Het titelnummer mag aftrappen en doet dat ontegensprekelijk in de stijl die Pagan Altar toch doet opvallen: boven een slepende mokerriff duiken meanderende melodieën en soli op die niet zouden misstaan in de klassieke heavy metal. Die ogenschijnlijk tegenstrijdige aanpak is hét kenmerk van de band bij uitstek en ze spelen dat dan ook netjes uit. Maar of het ligt aan de productie of de songs: Pagan Altar klinkt hier heftiger en zwaarder dan ooit.
De groep was trouwens kwaad en wie daar aan twijfelt, moet maar een kleine greep doen uit de songtitels: 'Satan's Henchmen', 'Sentinels of Hate', 'Armageddon',... Die eerder donkere lyriek uit zich in zwaarder klinkende songs. Pagan Altar duikt hier niet in de val van vele collegae en blijft spelen met die soms fris klinkende melodieën, die echter op een ander moment vrij griezelig overkomen. Zo kent 'The Devil Came Down to Brockley' een hypnotiserende riff en dito melodie die onder de huid kruipt als een venijnige teek.
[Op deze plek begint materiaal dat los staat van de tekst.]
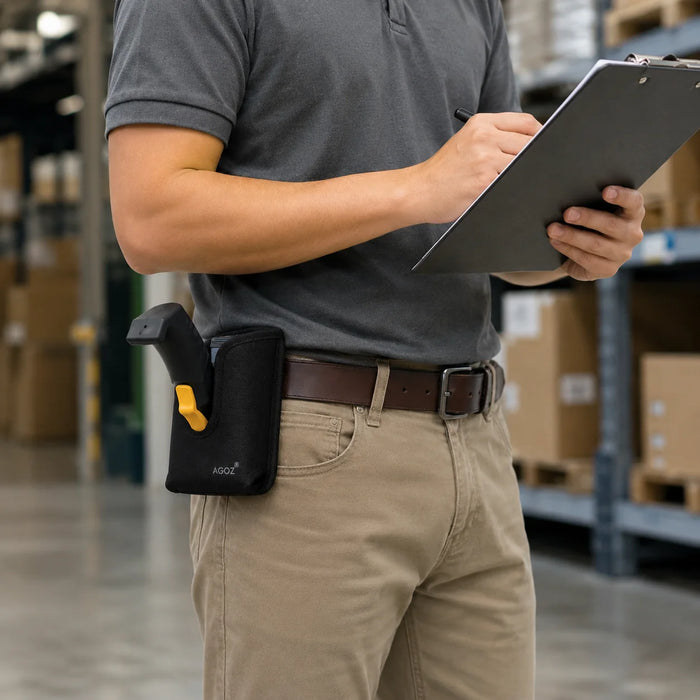 A person in a gray polo shirt and khaki pants stands in a warehouse holding a clipboard, with a black Bluebird scanner holster containing a grip attached at the waist.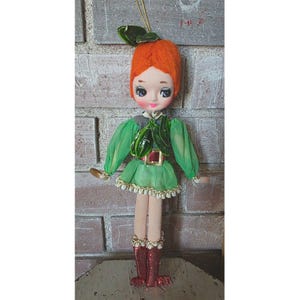 Puede incluir: Muñeca vintage con cabello de hilo naranja, vestida con un atuendo verde con un cuello y cinturón en forma de hoja a juego. La muñeca tiene mejillas rosadas, ojos grandes y botas rojas. Se adjunta una cuerda dorada para colgar.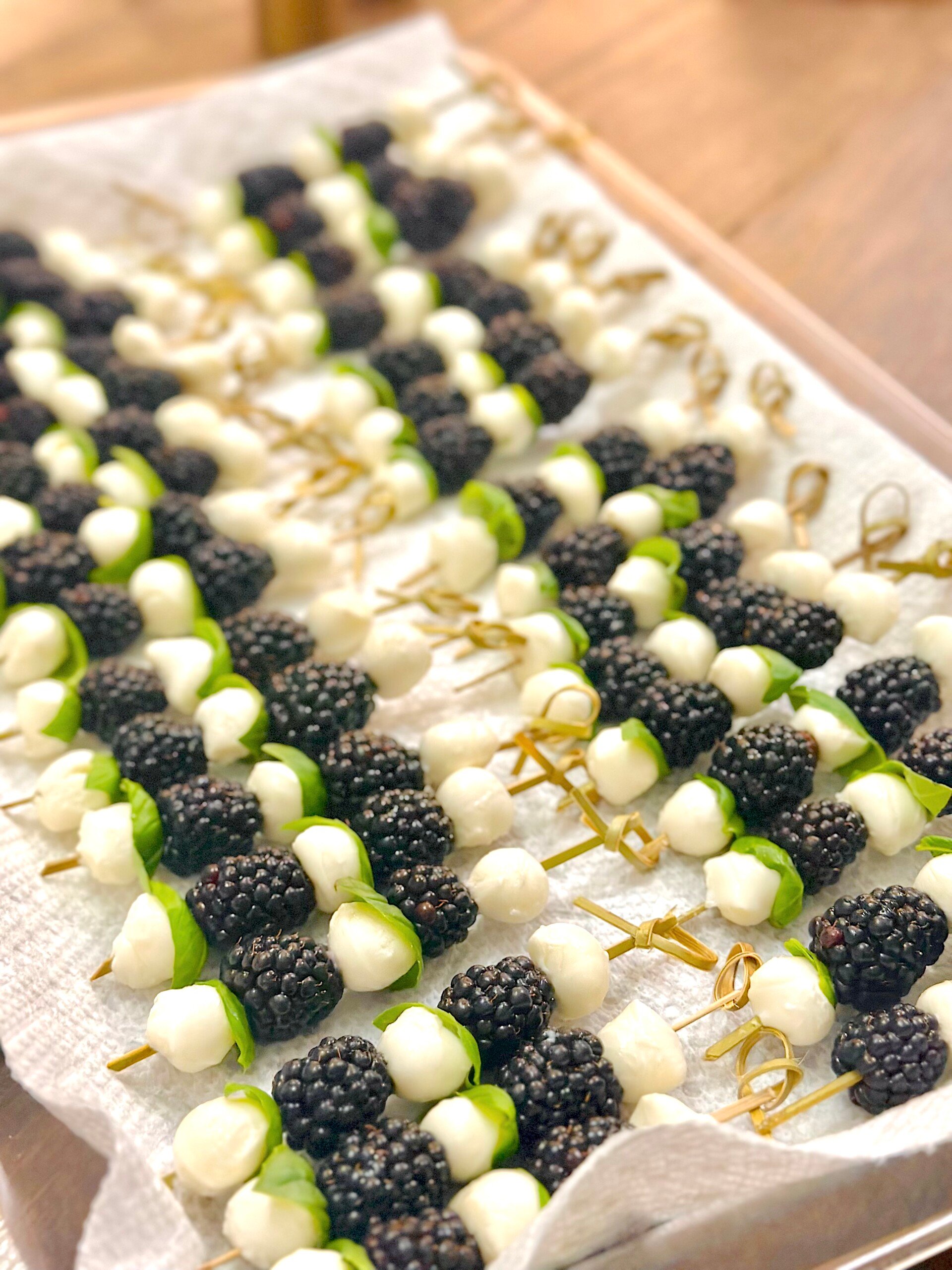 Vibrant skewers featuring ripe blackberries, creamy mozzarella, and basil leaves, arranged in a colorful appetizer display.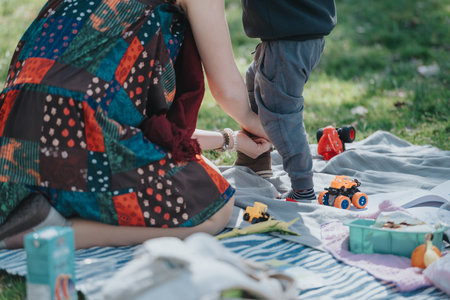 Parent and child bonding during an outdoor picnic activity, with toys and snacks spread on a blanket in a sunny park lot.の写真素材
Het enige dat mensen kan tegenhouden om Pagan Altar te ontdekken, is de zang. Die is en blijft erg hoog en nasaal en staat alweer vrij hard vooraan in de mix, waardoor die veel van de aandacht opeist. Het is eigenlijk best jammer, want dat neemt veel weg van de puike songs. Maar aan de andere kant: zo moeilijk om overheen te komen is dat ene euvel nu ook weer niet.
'Lords of Hypocrisy' is met voorsprong de zwaarste schijf van Pagan Altar en daardoor misschien ook hun beste. Het is zeer zeker geen spek voor ieders bek, maar wie de muziek graag apart heeft, doet er allicht goed aan dit album op te snorren.